Wikidata:WikiProject Ontology/Modelling

Ontological modelling with classes in Wikidata edit

TL;DR: Be careful when creating instance of (P31) and subclass of (P279) links for classes, including classes that do not currently have any members. One class can only be subclass of (P279) another if all members of the first class must be members of the second. When creating a class like watercraft (Q1229765) whose members are all individuals, the class should be instance of (P31) first-order class (Q104086571) if it does not have a superclass that already is.

The main items and properties in Wikidata that are used to structure the ontology are class (Q16889133), entity (Q35120), instance of (P31), and subclass of (P279).

Classes are those items that conceptually group together similar items, as human (Q5) groups together humans. The items in a class are known as its instances, and are explicitly related to the class via instance of (P31). Classes do not need to have many, or even any, instances in Wikidata, e.g., Honda Accord (Q463632) has few instances (none?) and quark (Q6718) has none. Classes do not need to have actual physical objects as instances, so unicorn (Q7246) and set (Q36161) are classes.

Classes are related to more-general classes using subclass of (P279), as human (Q5) subclass of (P279) person (Q215627). If a class is a subclass of another, then it is also a subclass of any more-general classes, so human (Q5) is a subclass of animal (Q729). It is not necessary to explicitly state these subclass relationships, so human (Q5) does not have animal (Q729) as a value for subclass of (P279) even though it is a subclass of animal (Q729).

Every item should be an instance of one or more classes, as Angela Merkel (Q567) instance of (P31) human (Q5). If an item is an instance of a class then it is also implicitly an instance of any more-general classes, so Angela Merkel (Q567) is an instance of person (Q215627). It is not necessary to explicitly state these instance relationships so Margaret Thatcher (Q7416) does not have animal (Q729) as a value for instance of (P31) even though it is an instance of animal (Q729).

entity (Q35120) is the class of all items, so all items are implicitly an instance of entity (Q35120) and all classes are implicitly subclasses of entity (Q35120). It is not necessary to explicitly state these relationships.

class (Q16889133) is the class of all classes, so all classes are implicitly an instance of class (Q16889133).

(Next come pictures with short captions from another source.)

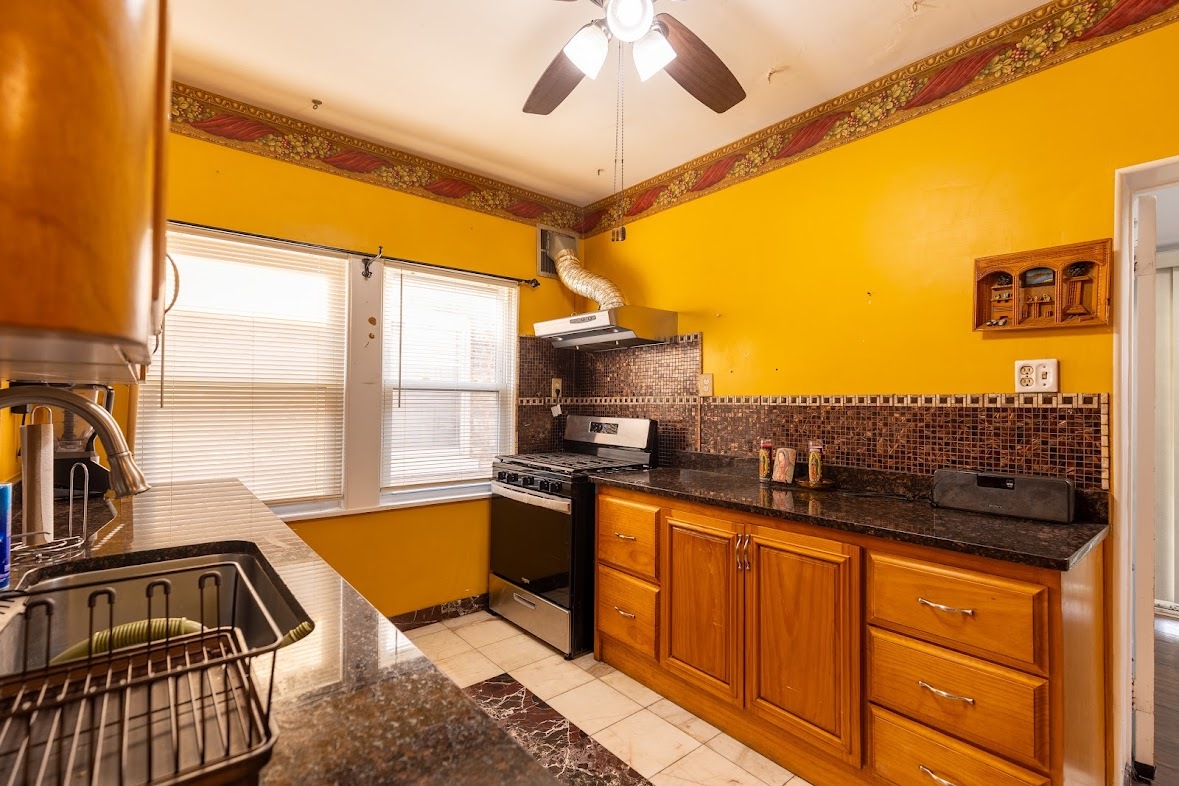 6840 29th Place Berwyn, IL 60402 - Photo 2 of 32 a view of a kitchen with a sink and cabinets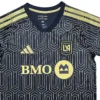 Football jersey with BMO logo and geometric pattern, black and gold design. Football jersey with BMO logo, geometric pattern, and gold accents for sports fans.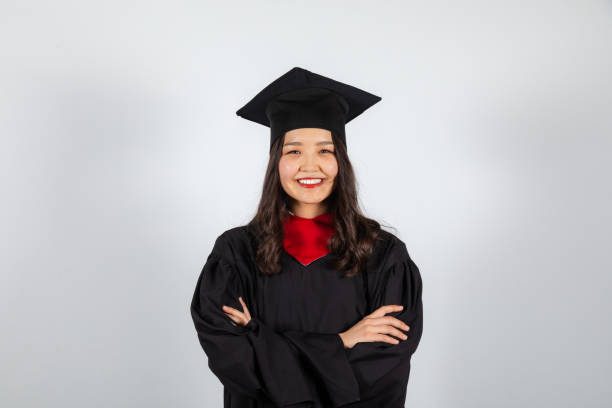 istock Smiling graduate student in mortarboard and bachelor gown on white background 1369966142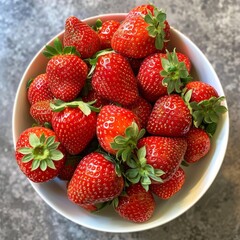 Sticker - Luscious strawberries fill a white bowl from a top-down perspective, showcased on a grey countertop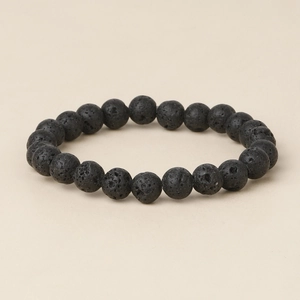 Macro detail of natural black lava stone beads showing porous volcanic texture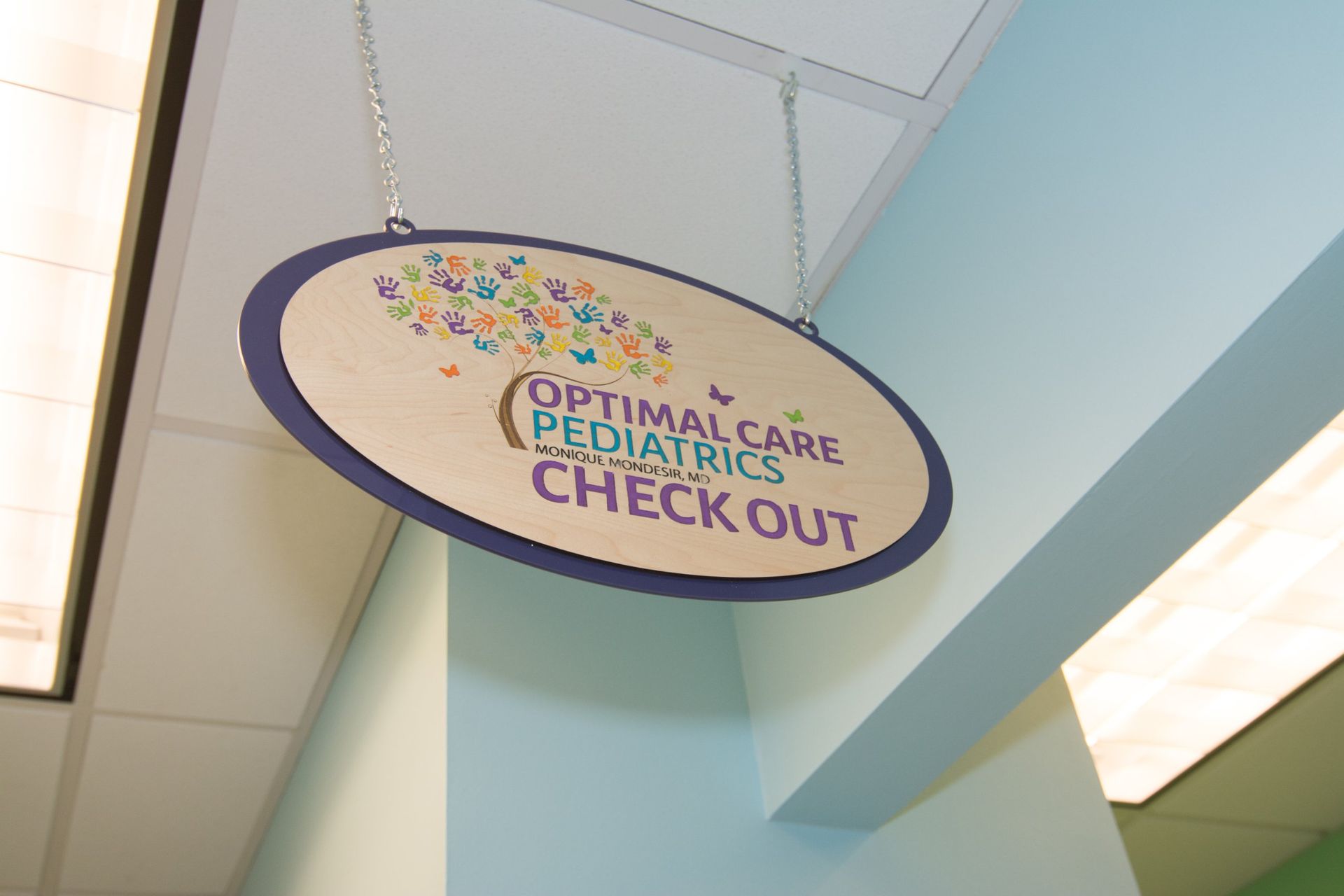 Check out sign hanging from the ceiling beside the light with the Optimal Care Pediatrics Logo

Every item that is a value of instance of (P31) is a class. Every item that has a value for or is a value of subclass of (P279) is a class, so mathematical object (Q246672) is a class. It is thus not necessary for most classes to explicitly state that they are instances of class (Q16889133).

Classes can be instances of other classes, as Honda Accord (Q463632) is an instance of automobile model (Q3231690). metaclass (Q19478619) is the class of metaclasses (classes whose instances are all classes), so all metaclasses are implicitly instances of metaclass (Q19478619).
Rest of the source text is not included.